To construct an Equilateral Triangle upon a given Line. Let AB be the given Line; Take this Line in the Compasses; set one foot in A and draw an Arch above the middle of the Line, and do the same from B … two lines drawn from A, B to the intersection of the Arches in C will be the equilateral Triangle ACB.
These lines come from the geometry copybook of a boy named Thomas Porcher. It’s about 61/2 inches by 91/2; it’s bound in green card. It has more than 200 pages, so it’s quite a chunky volume. Thomas wrote it around 1770.
Figure 1. Thomas Porcher constructs an equilateral triangle.
What was it like to learn geometry in Georgian England? It depended very much on who you were and what you were – and hence on why you were learning it in the first place. In this article we’ll look at two examples which show some of the differences between different approaches. But the two young men concerned had one thing in common, at least: they both prepared geometrical copy-books containing a record of what they learned and how they learned it, enabling us to reconstruct something of their geometrical education.

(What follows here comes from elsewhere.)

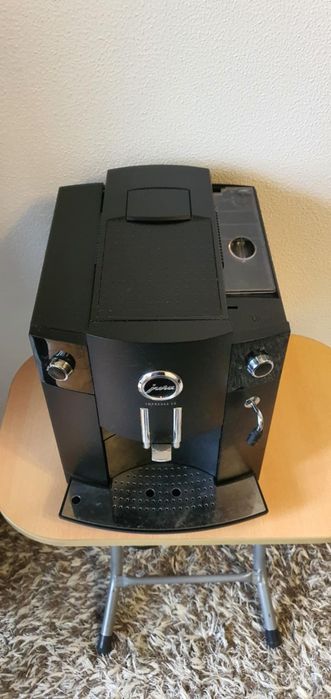Vând espresor Jura Impressa C5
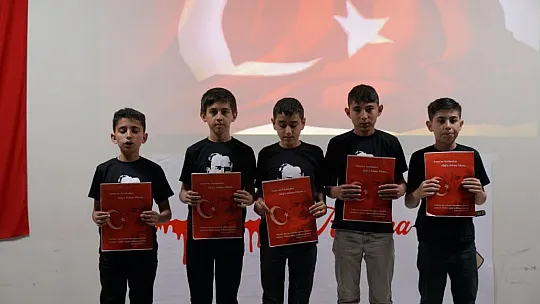 İSTİKLAL MARŞIMIZI GÜZEL OKUYAN ÖĞRENCİLER ÖDÜLLENDİRİLDİ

Thomas Porcher was about 14 at the time he wrote his copy-book; he was born in 1756 (the same year as Mozart). His book is a remarkable feat of penmanship: neat, meticulous, and accurate, it must have taken many long hours to do. Porcher’s was a fairly prosperous family, it seems, in Walworth, near London, England. We don’t know much about them, though one of Thomas’s sons, Samuel, would make good in the New World: by 1811 he owned a plantation in South Carolina, which he named Walworth after his family’s home in England. Porcher Avenue in Eutawville, South Carolina was named after the family.
Thomas was probably learning geometry with a tutor. This tidy book isn’t the kind of product that would normally have been created in a school setting, where a bit more chaos usually seems to have ruled.